:: Exercise directions ::
Using the line with "三ツ池公園　池を囲む満開の桜" as your starting point, transcribe it and each line beneath it word for word until the records run out, without pictures.

(Stored items)
>>>
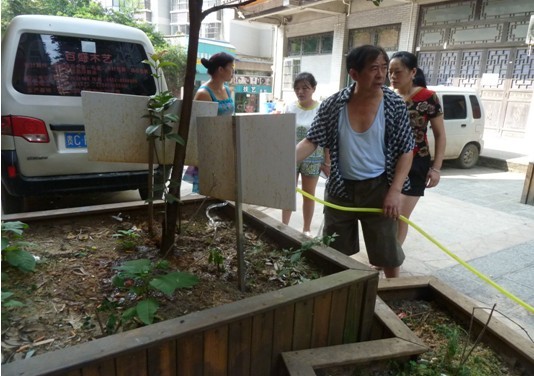 爵士蓝岛社区党员志愿者义务为花草浇水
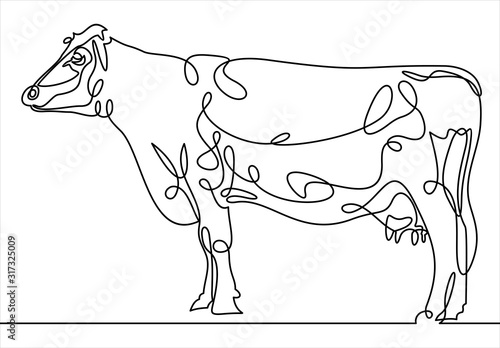 continuous line A beautiful cow is standing. white background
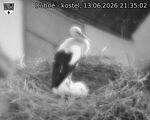 Capi_Dubne_20260613_213502.jpg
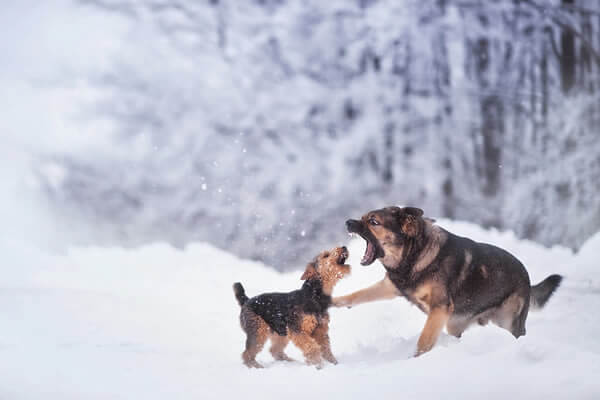 aggressive dogs in snow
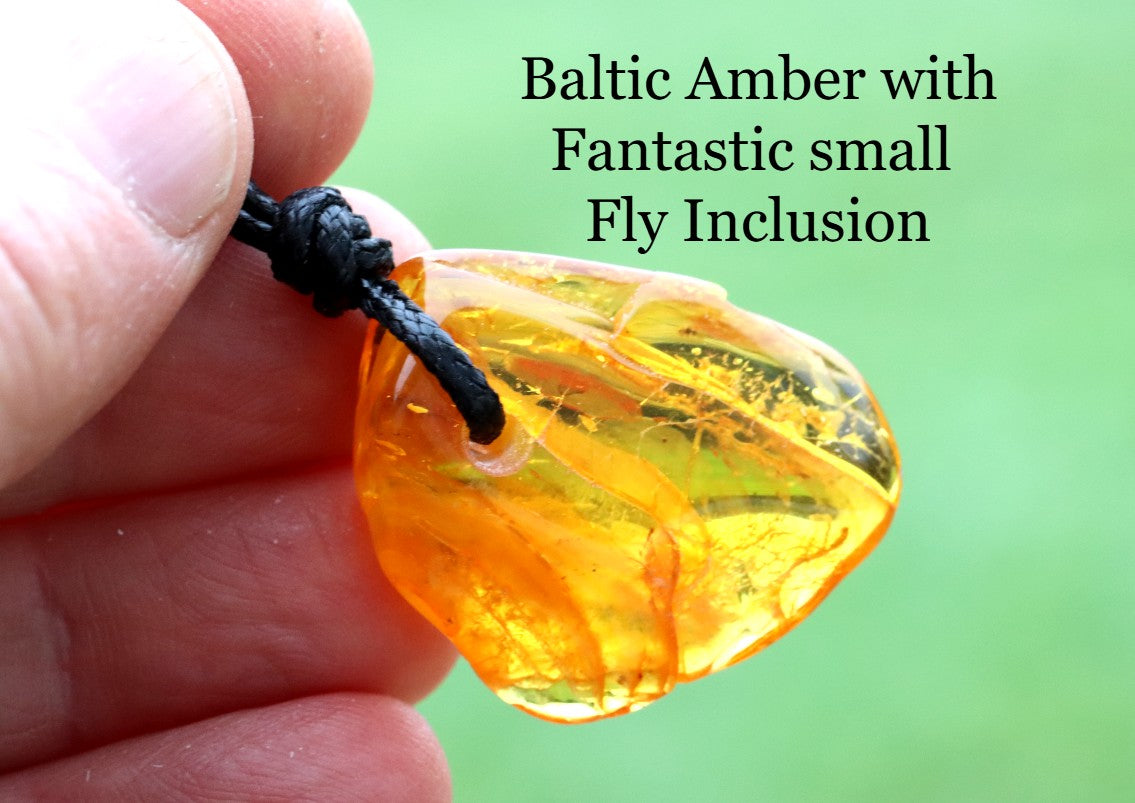 Insect in Baltic Amber Amulet Pendant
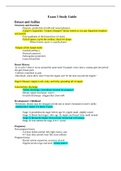 NR304 Exam 3 Study Guide / NR 304 Exam 3 Study Guide (Latest-2022/2023): Chamberlain College of Nursing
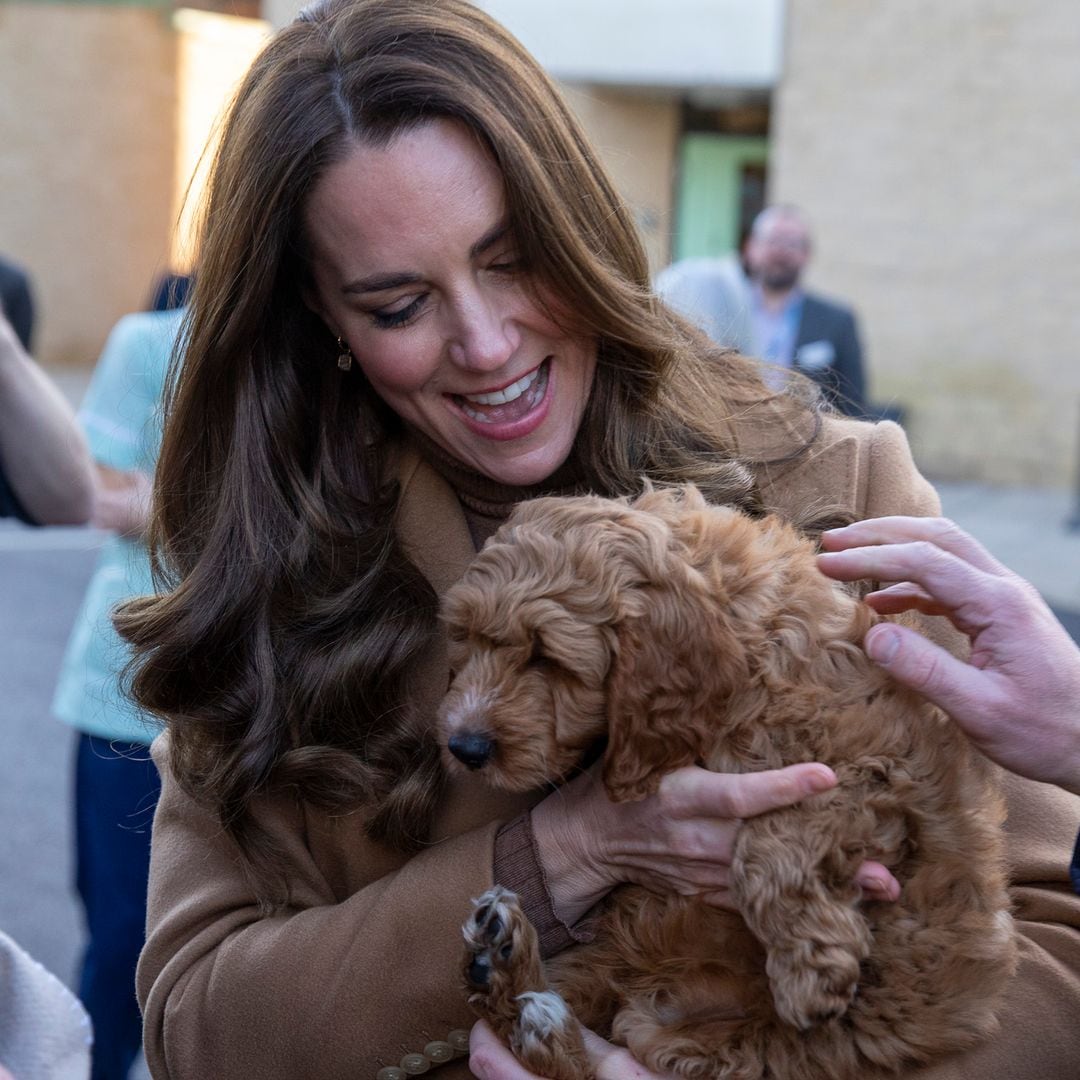 Del perro de Leonor y Sofía al 'cocker spaniel' de Kate Middleton: las mascotas más reales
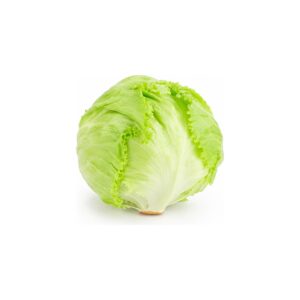 Iceberg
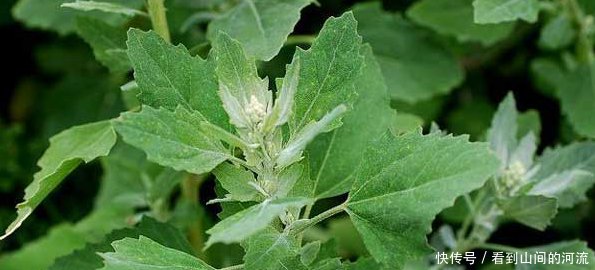 婆婆丁怎么吃有效果 t01392d14f3467d35f9.jpg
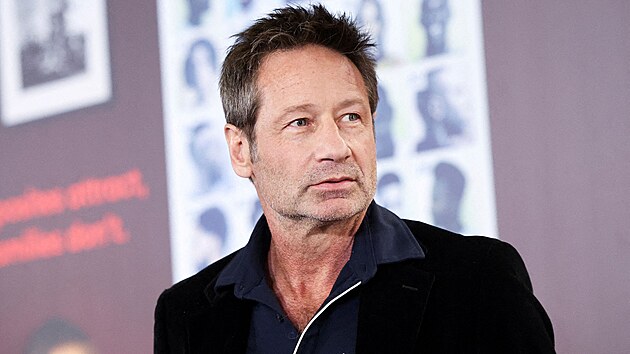 David Duchovny (Los Angeles, 17. ledna 2023)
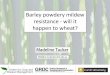 Barley powdery mildew resistance - will it happen to wheat?ccdm.com.au/wp-content/uploads/2016/03/Madeling-Tucker... · 2016. 3. 3. · • Mutations in barley powdery mildew found
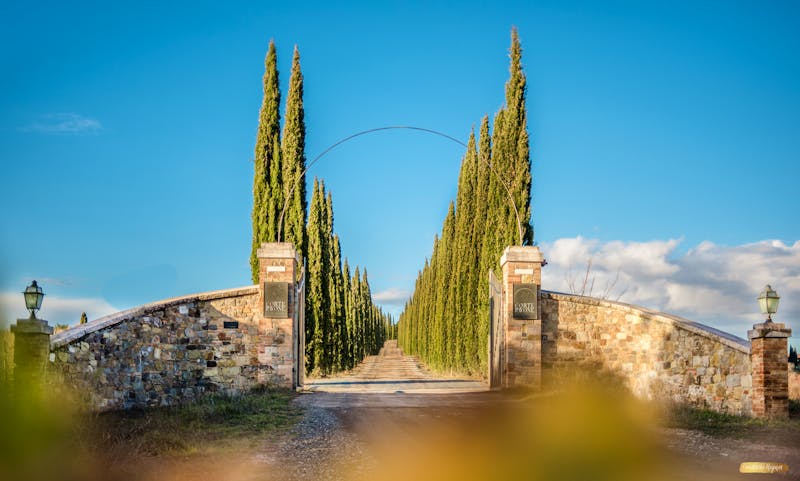 Montalcino Brunello Weingut - ©Friederike Hegner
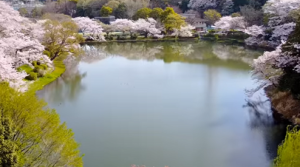 三ツ池公園　池を囲む満開の桜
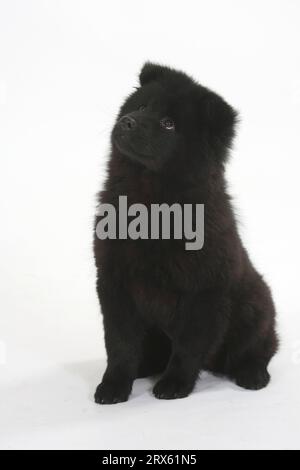 Eurasier, Welpe, 14 Wochen Stockfoto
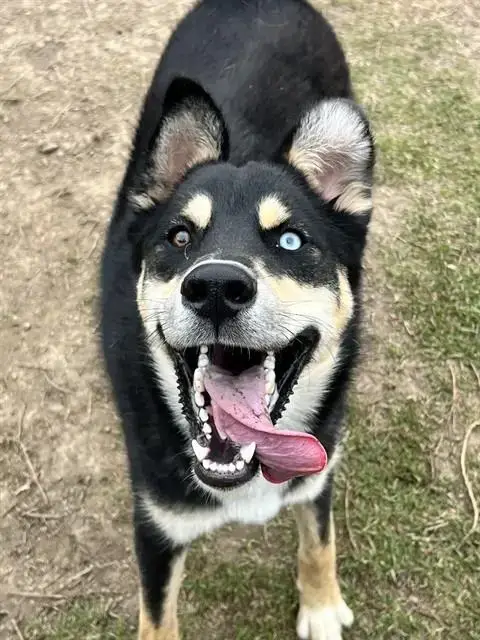 Bubs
<<<
:: Exercise response ::
 三ツ池公園　池を囲む満開の桜
 Eurasier, Welpe, 14 Wochen Stockfoto
 Bubs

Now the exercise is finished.